From Archimedes terrorizing the good folk of ancient Syracuse to Newton watching apples fall during a medieval plague, science has always progressed one ‘Eureka!’ at a time. Romantic as these anecdotes may be, for mathematics, we can hardly look to Mother Nature for providing us the key insight to our proofs. Therefore, we must develop principled approaches and techniques to solve new and unseen problems. Here is the good part:
Most unsolved problems we encounter are already related to some existing problem we know about.
This relation to solved problems is something that we can now prod and prick incessantly and eventually use to arrive at a conclusion about new problems. While hardly elegant in its conception, this approach is highly sophisticated in its execution. This is the basis for the mathematical technique known as reduction.
When can we use reduction techniques?
First we start by describing two types of problems: hard and easy! Hard problems are typically those that the problem solver does not know how to solve or knows are very hard to solve, while easy problems are simply easy to solve.
Since the notion of hardness as described above is quite subjective and non-rigorous, we formalize it below by quantifying the capabilities of the problem solver.
Throughout this post, we assume that the notion of hard and easy depends only on the computational resources available to the problem solver.
Access to powerful computational models might allow us (the problem solver) to efficiently find solutions to previously hard-to-solve problems. For example, SAT
can be easily solved if we have know how to solve the Halting problem
. We shall expand on this example later in this post.

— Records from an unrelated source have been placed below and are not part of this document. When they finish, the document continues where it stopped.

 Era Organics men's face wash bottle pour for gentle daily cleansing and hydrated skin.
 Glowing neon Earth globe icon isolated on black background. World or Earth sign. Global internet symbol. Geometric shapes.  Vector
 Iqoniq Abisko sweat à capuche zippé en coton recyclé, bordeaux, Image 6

Take two problems, $O$ (an old problem) and $N$ (a new problem). Suppose we make the astute observation that the underlying mathematical structure of $N$ is similar to $O$. Therefore, instead of trying to solve $N$ from scratch, we can hope to somehow use $O$ to solve $N$. Consider the following situations of interest that might arise where we would ideally like to avoid reinventing the wheel.
Case 1: $O$ is harder to solve than $N$, but $O$ is actually easy to solve
In this case, mathematically, we say that $N\subseteq O$^[Here, we consider $O$ and $N$ to be languages or sets of strings c orresponding to decision problems, i.e., YES/NO problems.]. In this case, our primary approach is to transform instances of $N$ into instances of $O$ and then use the algorithm for $O$ to solve for $N$. In other words, if we can demonstrate that $N$ is a special case of $O$, we solve $N$ using our existing knowledge of $O$.

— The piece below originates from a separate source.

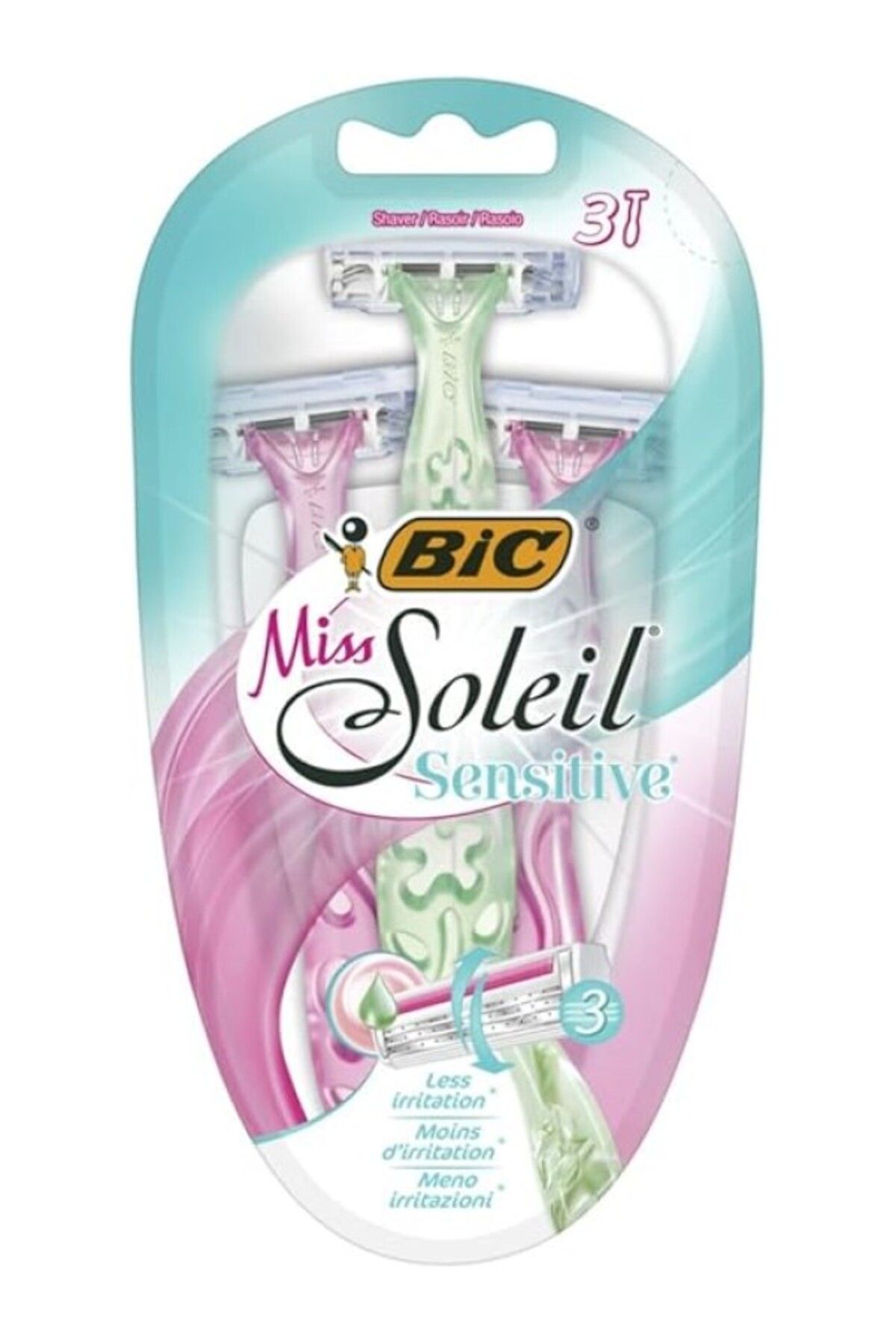ShopZum Miss Soleil Sensitive Kadın Tıraş Bıçağı 3'Lü Blister (3 Bıçak), Oynar Başlık, Aloe Vera Ile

Reducing problem $A$ to $B$ is the process of transforming instances of $A$ into instances of $B$. Note that this is only possible if $A\subseteq B$.
Case 2: $O$ is easier to solve than $N$, but $O$ is actually hard to solve
In this case, we can again exploit the structural similarities between $O$ and $N$, but this time to a different end. Without prior context, it is difficult to show that $N$ is hard to solve. However, using the hardness of $O$, it is easy to show that $N$ is hard to solve as well.

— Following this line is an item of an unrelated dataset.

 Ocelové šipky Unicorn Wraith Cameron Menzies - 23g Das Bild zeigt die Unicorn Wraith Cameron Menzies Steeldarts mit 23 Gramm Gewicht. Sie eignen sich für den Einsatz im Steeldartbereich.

We start with the assumption that $N$ is easy to solve, i.e., there exists some algorithm to efficiently decide membership in the set $N$. We use this assumption to arrive at a contradiction. Now exploiting the similarities between $O$ and $N$, we transform all instances of $O$ to some instance of $N$.
Since $O$ reduces to $N$, i.e., there is a way to efficiently decide membership in $O$ using the algorithm for $N$. However, we know for sure that $O$ is hard to solve. This leads us to a contradiction, which is resolved by removing our assumption that $N$ is easy to solve. Therefore $N$ has to be hard to solve as well.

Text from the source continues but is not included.